Pari nodded ever so slightly. “He did.”

“He also said you refused.”

“I’m not a Shifter nor a Seer. I have no place in your pack.”

“That’s bullshit and you know it,” Layne said. “Maggie is a Thaumaturgic, like you, and she’s a Taxiarho. She belongs, and you could too.”

Pari turned, rearranging her body so she was facing him but still able to see Caroline where she played. “Maggie is, to my understanding, attached to one of the highest ranking members of the Alpha Pack. Are you suggesting I start hooking up with a Shifter to cement my position as one of you?”

“I’m suggesting you get off your bloody high horse and do what is right for Caroline for once!”

She wouldn’t have looked more shocked or pissed off if he had punched her in the stomach. Layne was a dominant Shifter who had killed a handful of people that day, and yet he flinched at the fury in her eyes.

“Caroline is the reason I will not become part of your pack.” She didn’t raise her voice but it sounded like a shout to Layne’s ears. “Your Alpha says he can guarantee her safety, but how? By making sure she is watched every hour of the day by bodyguards? By teaching her to fight and shoot a gun like Lizzie does? She would only need that level of protection because of who you are. I know what being a member of the Alpha Pack means. It means being a target, and I will not paint a red X on my child’s forehead just to make you feel better.”

He couldn’t argue with her reasoning. The SHP would no longer be a problem, not after the Alphas got through interrogating their captives and paying a few house calls to the remaining members, but there would always be a threat against the members of the ruling party of the Shifters. It was the nature of the game. When you’re on top, there is always someone who wants to take you down.

But even knowing Pari was right, he couldn’t just let them go.

“I’ll keep her safe. You know I will.”

Pari leaned back and crossed her arms over her chest. “We’re not going with you, Layne. Nothing you say can change my mind.”

“So you just up and decided? Without talking to me first?” Panic-fueled anger burned in his lungs. His legs jerked up and down, shaking the entire bench. They craved movement, but he was determined to stand - or sit, as the case may be - his ground.

“Yes, I just up and decided. I don’t require permission. She’s my child, not yours.”

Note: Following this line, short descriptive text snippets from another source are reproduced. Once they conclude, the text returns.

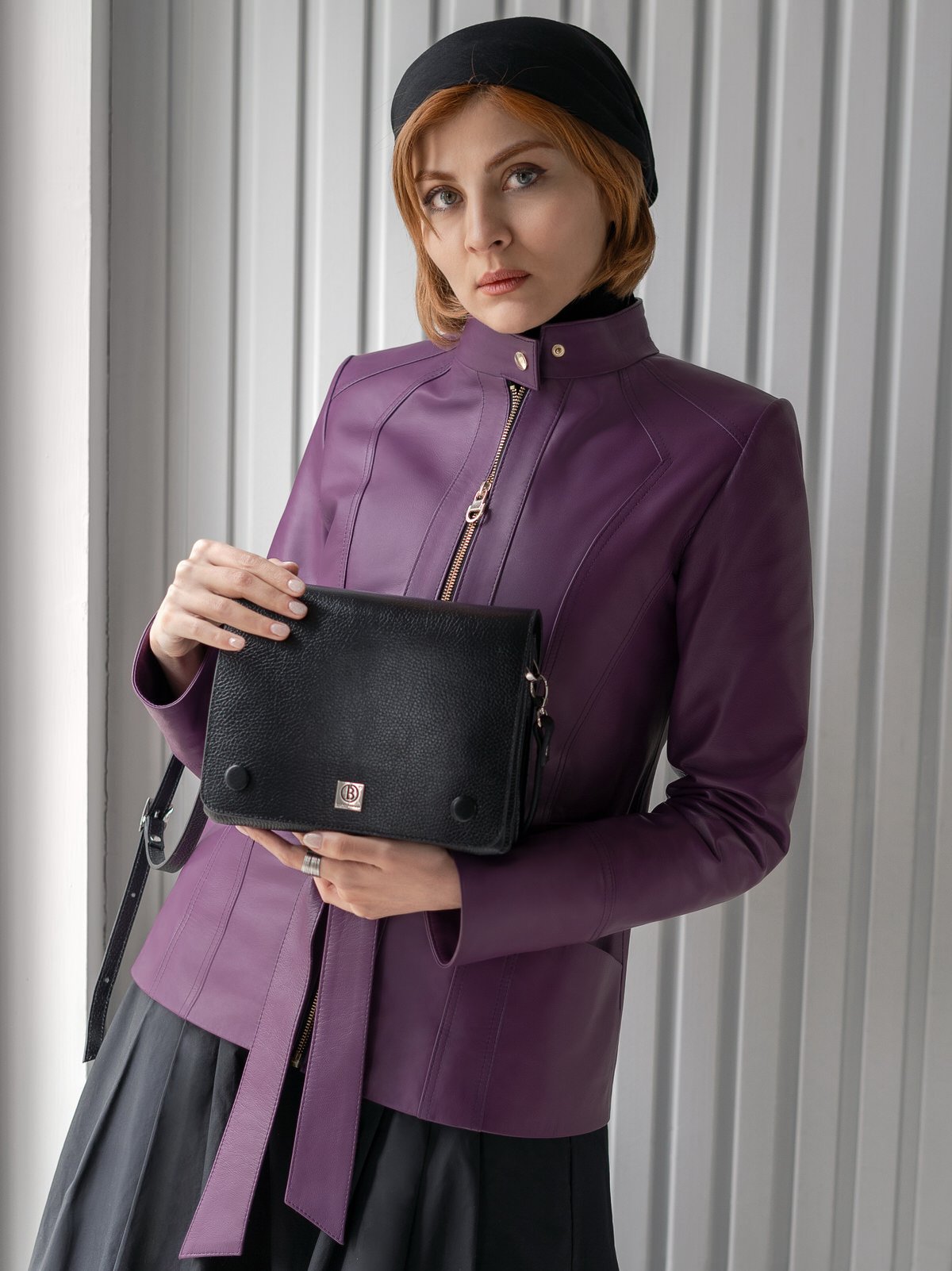 کاپشن زنانه چرم گوسفندی.N2022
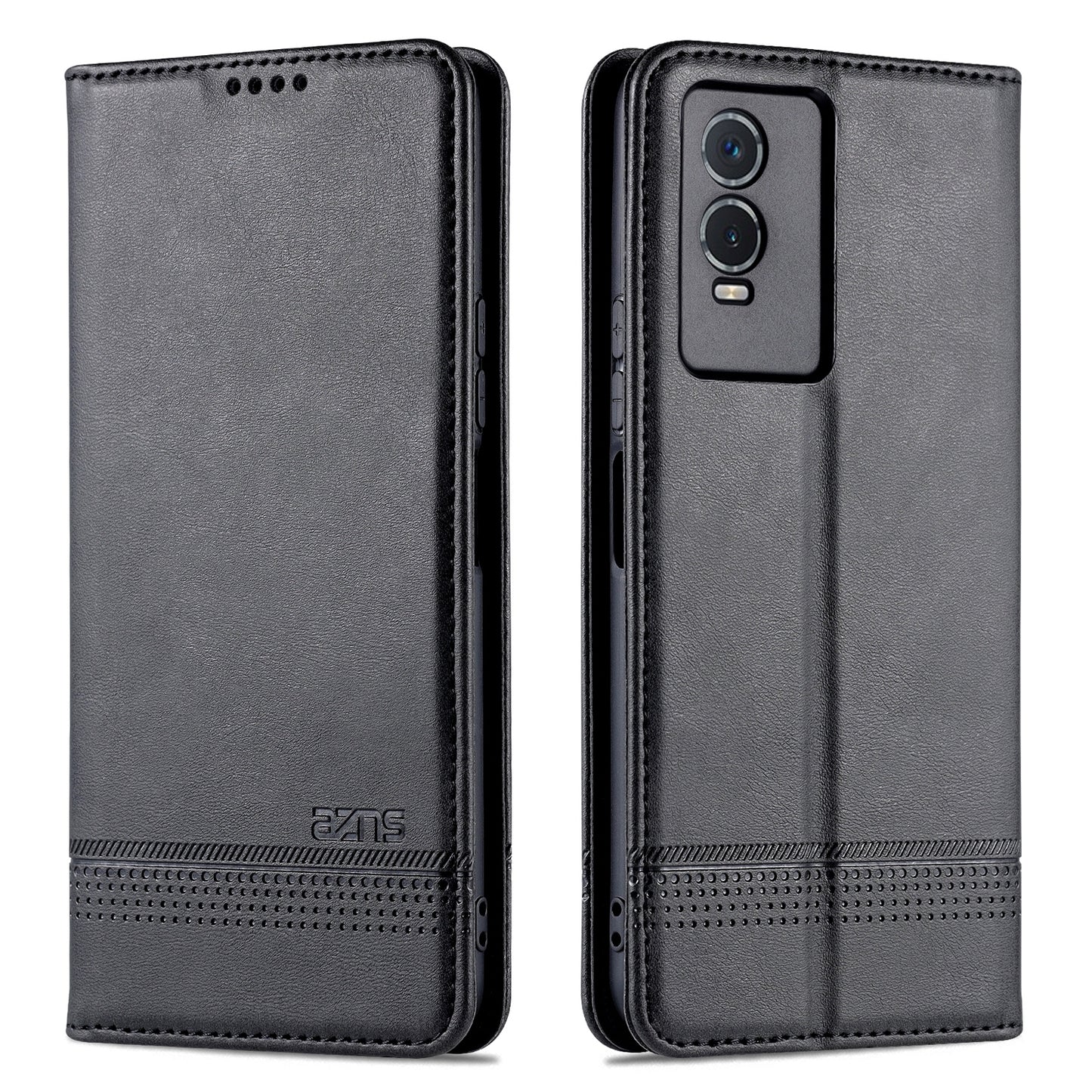 Vivo Y76s/Y74s Leather Wallet Case with Card Holder & Magnetic Closure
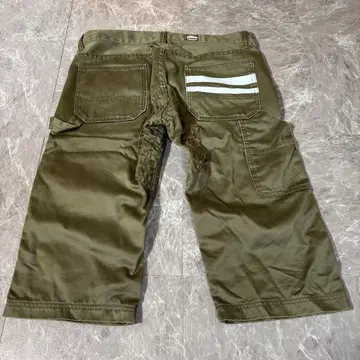 [모모타로 진즈] 출진/하프 팬츠/W34/카키/다이아 퀼트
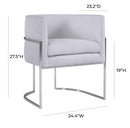 Giselle Grey Velvet Dining Chair with Silver Leg - UK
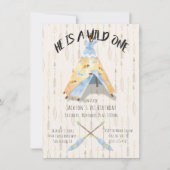 水彩テペイ1st誕生日トライバルボホボーイ 招待状 (正面)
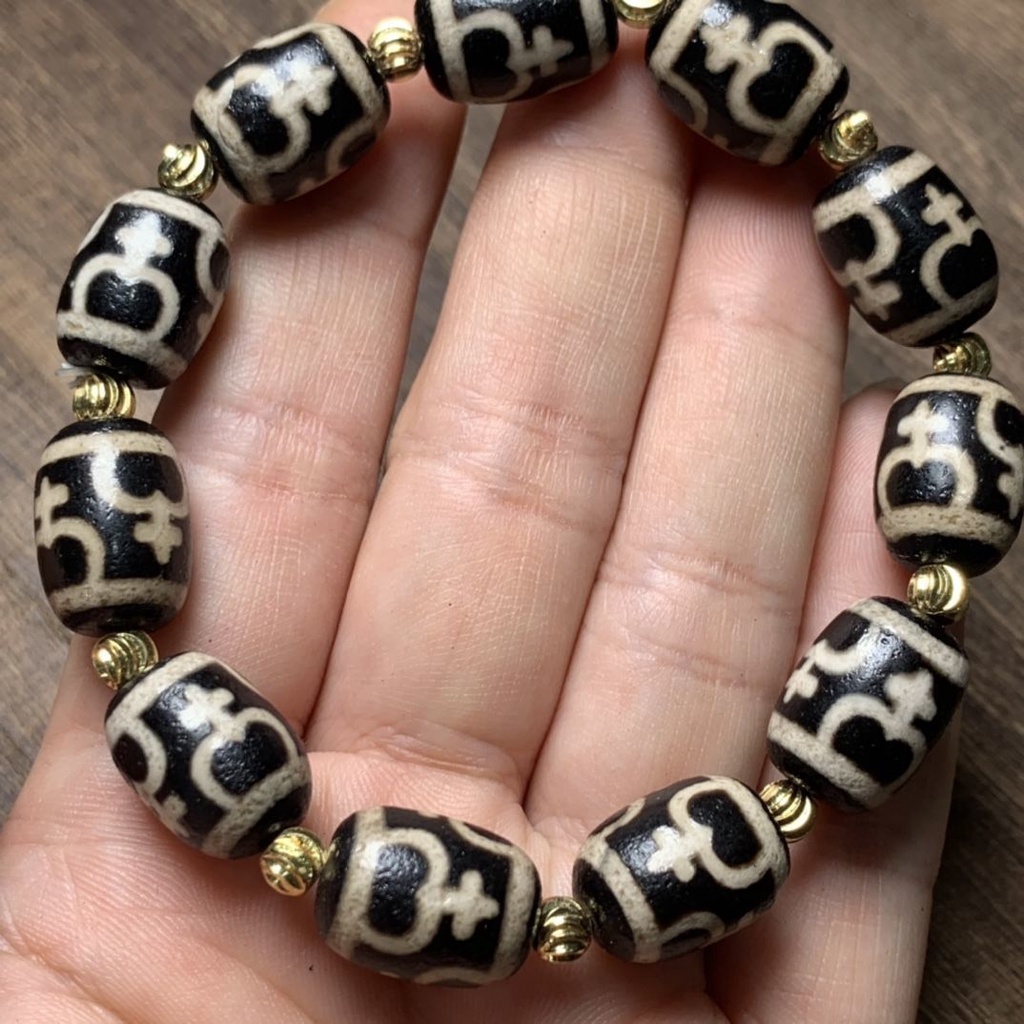 Chuỗi Hạt Đá Mã Não Tự Nhiên Cao Cấp Phong Cách Tây Tạng Dzi Tây Tạng Cho Nam Và Nữ Vòng Tay Nữ Phong Cách Thời Trang 2.11111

“Yes, she is, and you know it.” She wasn’t his by blood or any other measurement a court of law might use, but she was his all the same. “We’re pack. Family. And I’m not just going to walk away and let her think I abandoned her. I won’t do that to her, and I won’t let you do it to me.” He knew what it felt like to have someone who was supposed to take care of you and love you walk away without looking back. He couldn’t do that to someone he cared about, especially not Caroline. Over the last few months, she’d used her grubby little hands and pinchable cheeks to worm her way into his heart permanently. He wasn’t letting her go. Ever.